Tell us about your wine business The Wine Steward.

It’s just a small business that’s an outgrowth of my hobby. I was asked once by a client of my brother to make a wine list for their resort in Palawan. After I made the list, they asked me to buy the wines for them. That’s how we started. A few years back, we became the Manila agents for Cebu-based wine merchants Darras+Bowler and that’s when we really took off. We represent a well known brand called Fat Bastard which is well-known and popular. I’m also quite passionate about bringing wines made by Filipinos to the Philippines. So we import the 3 wines made by Filipinos or Fil-Ams in California. These are Corte Riva in Napa, Eden Canyon in Paso Robles and Noveroma in Lodi. All of these have been the recipients of various awards or high ratings from critics.

So far what part of your job brings you the most fulfillment?

Apart from The Wine Steward, I also lecture about wine. I think that’s the most fulfilling, especially when I do it for people who are just new to it. When you guide them through a tasting, you can see how they light up when they discover that a Sauvignon Blanc smells really different from a Gewurztraminer and they identify the aromas and flavors and they figure out it’s not difficult or mysterious.

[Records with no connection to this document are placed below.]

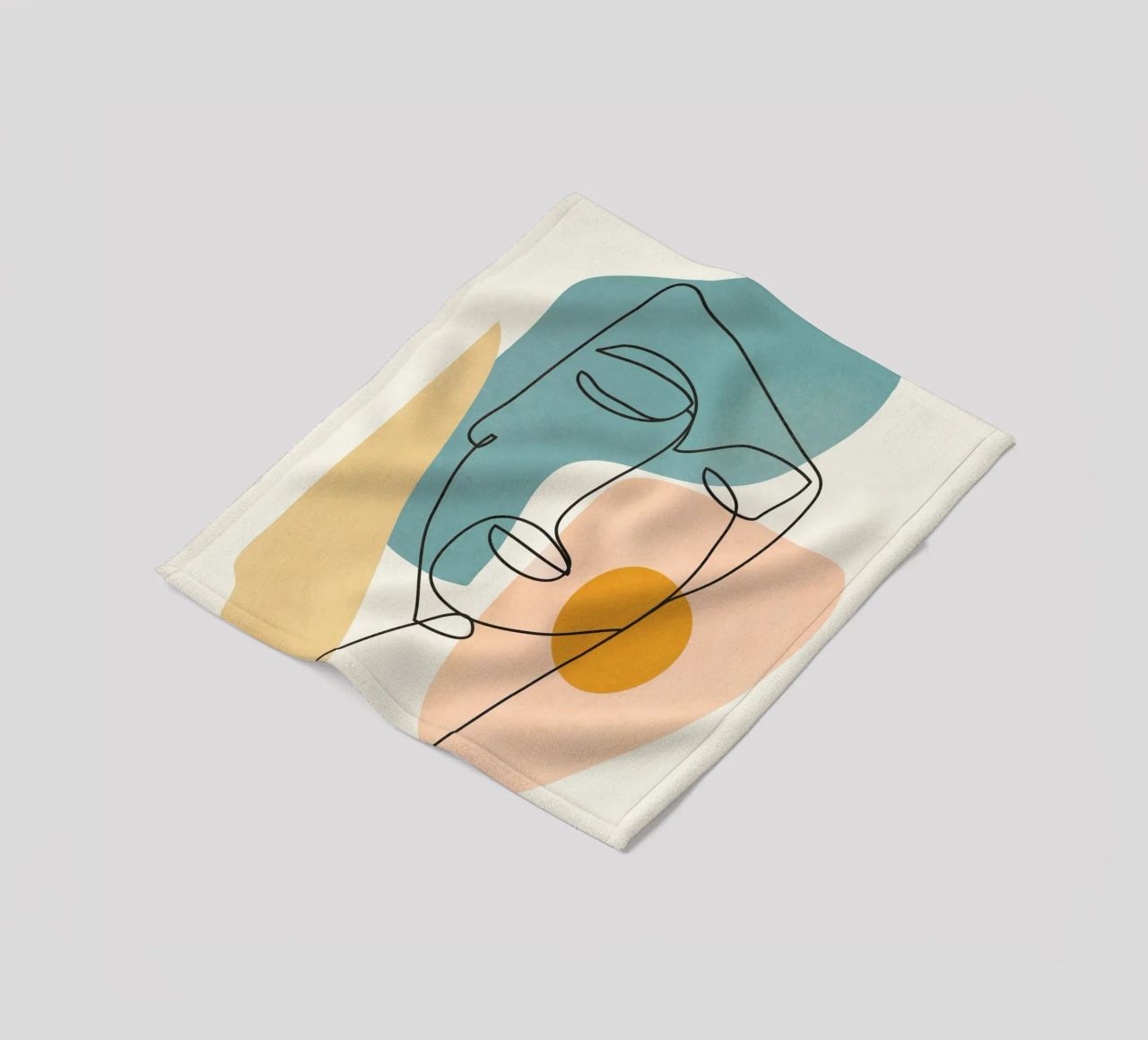 Abstract Faces 1 coperta in pile da cityart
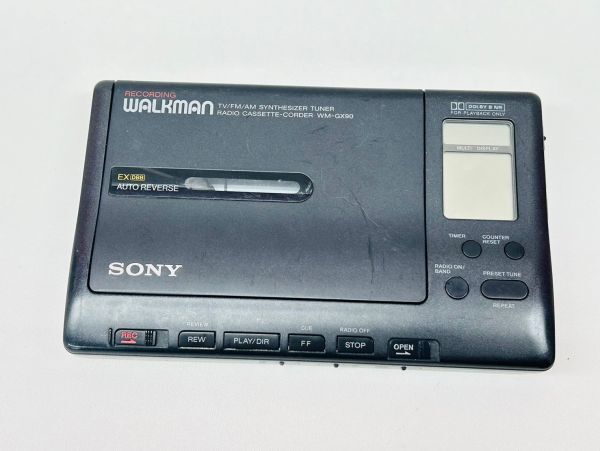 X520-K44-3452 SONY ソニー WALKMAN ウォークマン WM-GX90 ラジオカセットレコーダー イヤホン付き_画像3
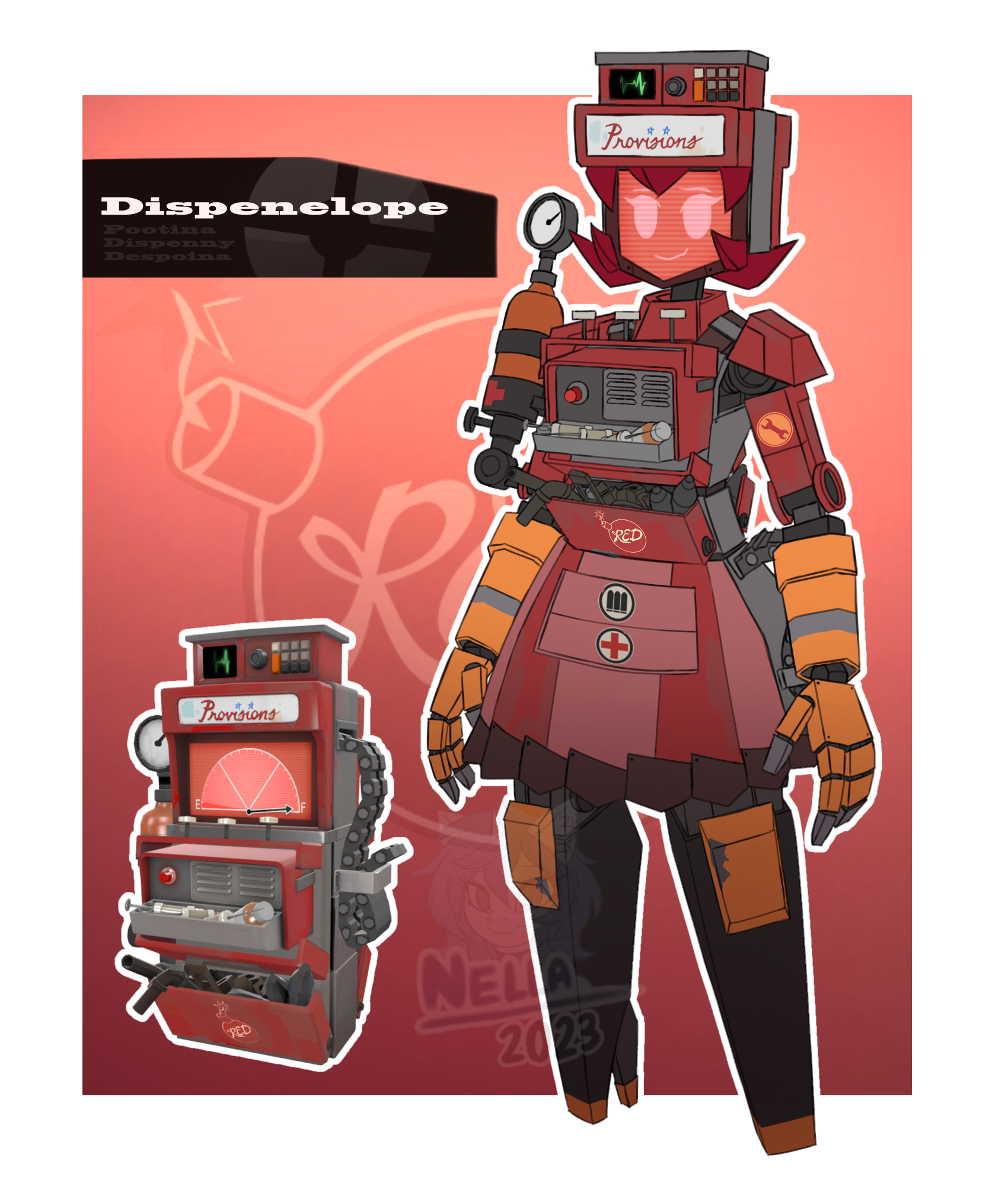 Chat with Dispenelope robot femdom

Unlike other Asian Cuisines, Filipino food has always been on the cusp of entering the mainstream in major cities, but has somehow always fallen short. What do you think would put Filipino Cuisine over the hump?

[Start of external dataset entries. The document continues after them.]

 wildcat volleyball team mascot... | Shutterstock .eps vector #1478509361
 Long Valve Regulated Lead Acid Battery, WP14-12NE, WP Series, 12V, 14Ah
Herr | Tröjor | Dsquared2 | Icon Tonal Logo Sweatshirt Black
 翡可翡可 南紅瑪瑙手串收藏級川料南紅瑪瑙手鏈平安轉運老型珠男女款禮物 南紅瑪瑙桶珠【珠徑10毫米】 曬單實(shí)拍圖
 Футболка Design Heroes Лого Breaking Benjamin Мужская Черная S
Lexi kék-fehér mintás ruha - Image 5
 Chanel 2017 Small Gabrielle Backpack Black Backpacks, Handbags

From what I’ve been reading, it seems like it just got over the hump. I think presentation was a big hurdle. It just doesn’t look appealing compared to say, Thai or Vietnamese, but I think many chefs now are taking more care with that.

What are your favorite restaurants here and abroad?

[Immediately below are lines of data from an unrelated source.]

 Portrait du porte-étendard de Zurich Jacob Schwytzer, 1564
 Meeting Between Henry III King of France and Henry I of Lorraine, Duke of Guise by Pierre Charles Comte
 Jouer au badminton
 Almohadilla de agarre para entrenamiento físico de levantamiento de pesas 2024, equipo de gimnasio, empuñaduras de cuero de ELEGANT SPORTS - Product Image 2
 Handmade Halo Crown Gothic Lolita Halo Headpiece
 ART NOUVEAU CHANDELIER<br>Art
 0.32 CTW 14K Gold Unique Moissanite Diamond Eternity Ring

Tough one. Being a member of the International Wine and Food Society and the Chaine des Rotisseurs, I get to eat some pretty fabulous meals, but many times, the dishes aren’t on the regular menu. For something off the menu, I like JC de Terry of Terry’s. He’s very creative and doesn’t scrimp on ingredients. Cyrille Soenen at Impressions and Brasserie Ciçou is another one. For hearty French fare, Marc Aubry at Champetre is great. Prices are very reasonable. His couscous is excellent value. Not everyone likes the style, but I love the food at Mecha Uma. I hate parking at Megamall but I’d go anyway for Ooma. Va Bene, especially for pasta is a no-brainer. Best ramen is Yushoken. The lunch sets at Seryna are hard to beat. Same with Tsumura. There are many others…Abroad, I love eating in Japan. It’s virtually impossible to get a bad meal there. Even the takeout at 7-11 or Family Mart is good!

If you had a foreign guest and he or she wanted to eat Filipino food where would you bring them?

I like Abe for traditional food. Sentro is another favorite. Locavore also if it wasn’t so noisy or difficult to get a a table.

What junk food do you love?

Clover chips, Cheetos, Doritos, anything that involves salsa or cheese dip.

If you were given the chance to plan your last meal, what would you have?

Definitely KFC, Shakeys pizza – a slice each of Shakey’s Special, Manager’s Choice and Friday Special, uni temaki and ikura temaki. For dessert, Cafe Ysabel strawberry shortcake. To drink, Champagne Krug Clos d’Ambonnay for the sushi, Romanée-Conti for pizza and KFC, and for dessert, Egon Müller Scharzhofberger Trockenbeerenauslese. I’ve never had any of these wines before so better try them before it’s too late.

Is there a type of food that you just can’t seem to enjoy?

Any savory dish with sweet fruit as a component doesn’t appeal to me.

Between us, what are the future plans for Jay Labrador?

In the future, I plan to lose 50 pounds, good plan, no?